→ **DATA EXCERPT**
◆ ◆ ◆ ◆ ◆ ◆ ◆

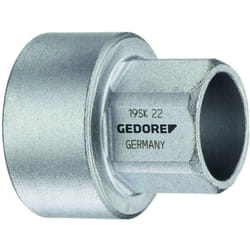 GEDORE 2225972 - Clé à douille 1/2" courte, 22 mm , 19 SK 22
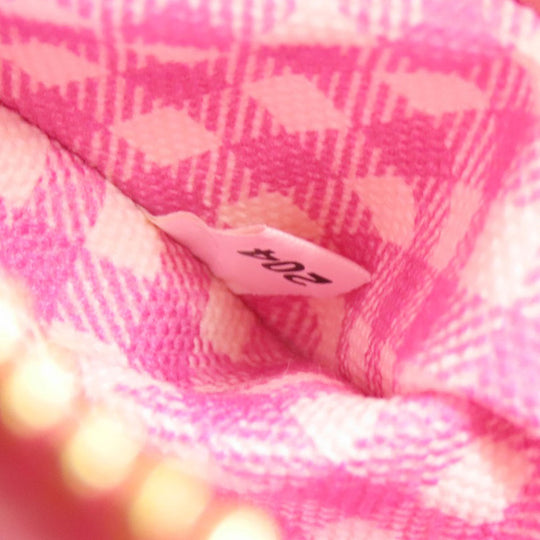 PRADA Tote Bag canvas pink Canapa Mini 2WAY Women Used Authentic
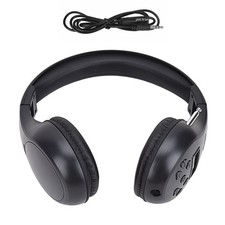 FM Radio Reception Headphone comes with AUX capabilities for using on computer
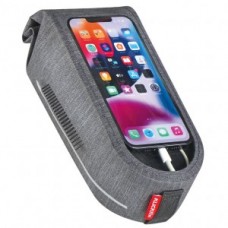 Frame bag KLICKfix Phone waterproof - grey 9x7.5x21cm 1l incl. Duo adapter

◆ ◆ ◆ ◆ ◆ ◆ ◆

→ **HOW TO COMPLETE THIS TASK**
Without changing a single word, set down all of the material again and leave out its pictures.

→ **EXERCISE SOLUTION**
 GEDORE 2225972 - Clé à douille 1/2" courte, 22 mm , 19 SK 22
 PRADA Tote Bag canvas pink Canapa Mini 2WAY Women Used Authentic
 FM Radio Reception Headphone comes with AUX capabilities for using on computer
 Frame bag KLICKfix Phone waterproof - grey 9x7.5x21cm 1l incl. Duo adapter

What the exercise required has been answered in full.